• **TRY IT**
Copy each record below faithfully, leaving out images.

• **DATASET RECORDS**

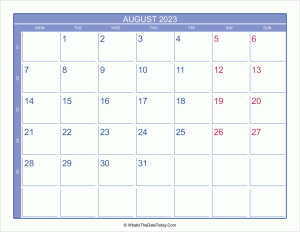 2023 august calendar with week numbers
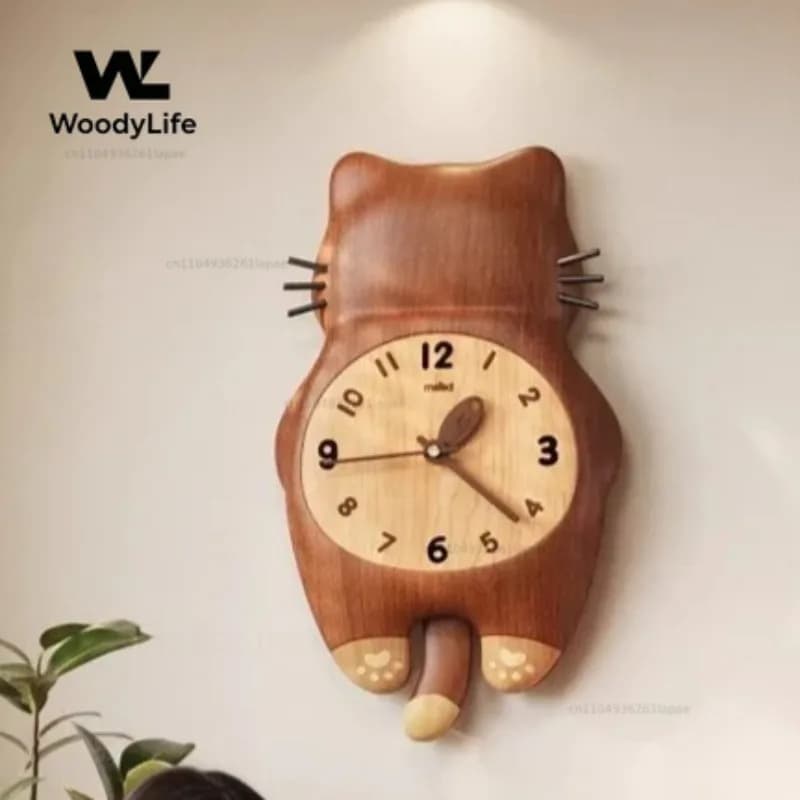 Retro Cat Wall Clock, Solid Wood Feline Design for Living Room, Whimsical Kitchen & Bedroom Decor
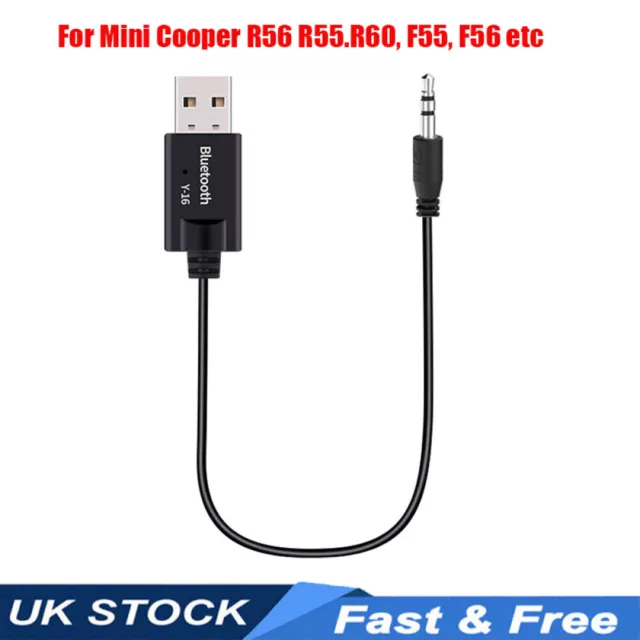 USB Bluetooth to AUX Audio Cable Adapter for Mini Cooper Gen 2 3 R56 R55 F56 F55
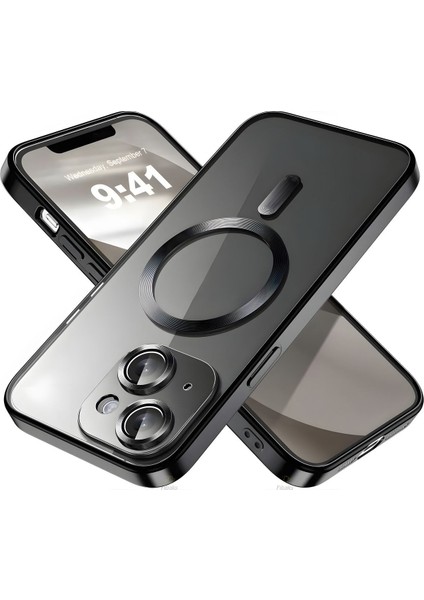 Apple iPhone 15 Plus Kamera Lens Korumalı Magsafe Şarj Kilifi Şeffaf Renkli Yumuşak Kılıf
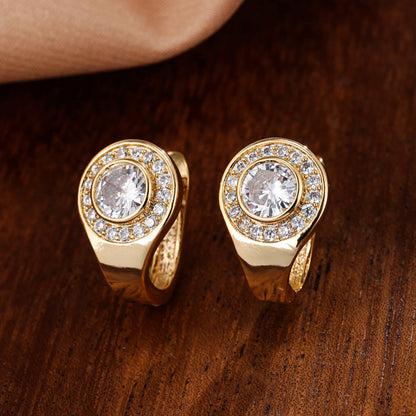 Sweet Round Three-dimensional Stud Earrings For Women, Electroplated Copper With Zircon Inlay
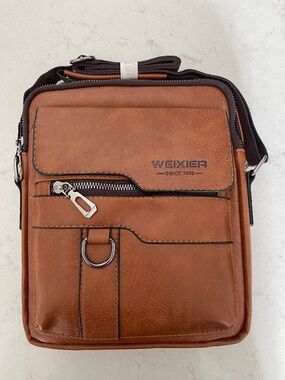WEIXIER Men Crossbody Bag Shoulder Bag PU Leather Messenger Bag Handbag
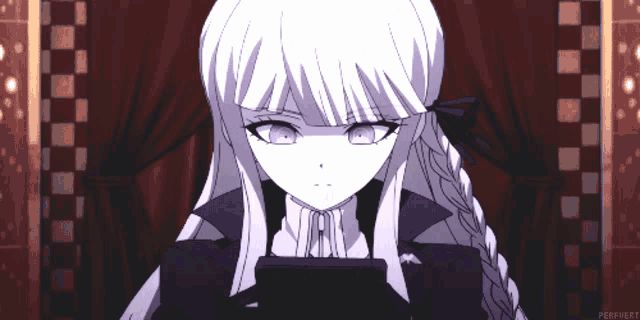 a girl with white hair and purple eyes is sitting in front of a red curtain
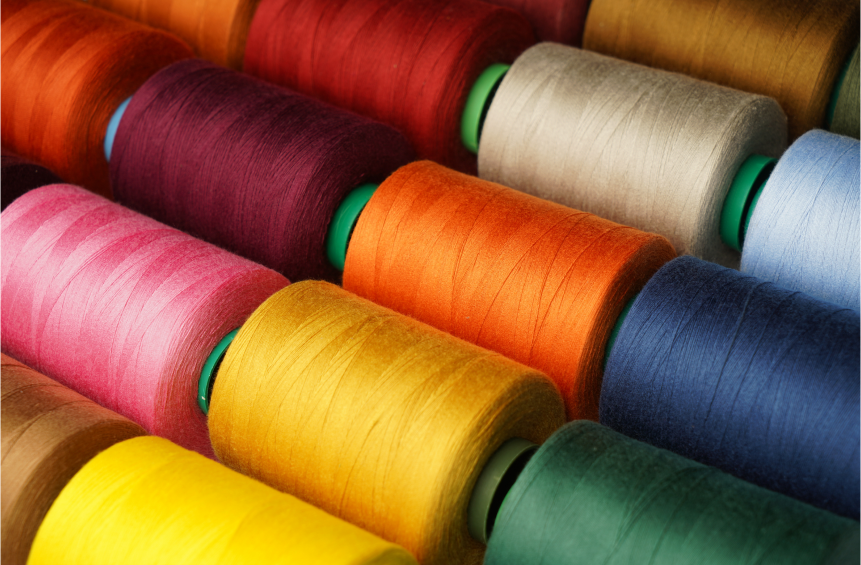 Colorful thread to highlight bespoke tailoring options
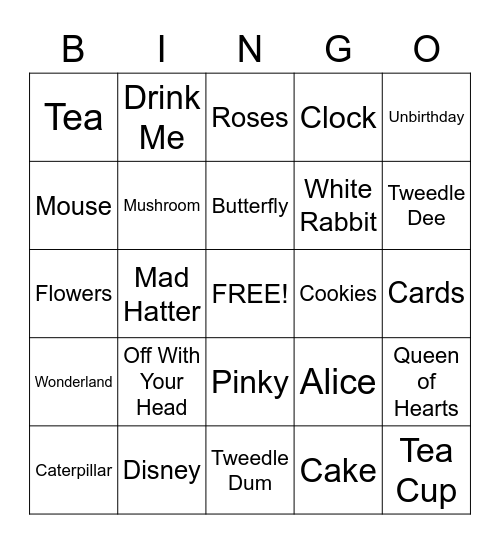 Alice in Wonderland Bingo Card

• **TASK OUTPUT**
 2023 august calendar with week numbers
 Retro Cat Wall Clock, Solid Wood Feline Design for Living Room, Whimsical Kitchen & Bedroom Decor
 USB Bluetooth to AUX Audio Cable Adapter for Mini Cooper Gen 2 3 R56 R55 F56 F55
 Apple iPhone 15 Plus Kamera Lens Korumalı Magsafe Şarj Kilifi Şeffaf Renkli Yumuşak Kılıf
 Sweet Round Three-dimensional Stud Earrings For Women, Electroplated Copper With Zircon Inlay
WEIXIER Men Crossbody Bag Shoulder Bag PU Leather Messenger Bag Handbag
 a girl with white hair and purple eyes is sitting in front of a red curtain
 Colorful thread to highlight bespoke tailoring options
 Alice in Wonderland Bingo Card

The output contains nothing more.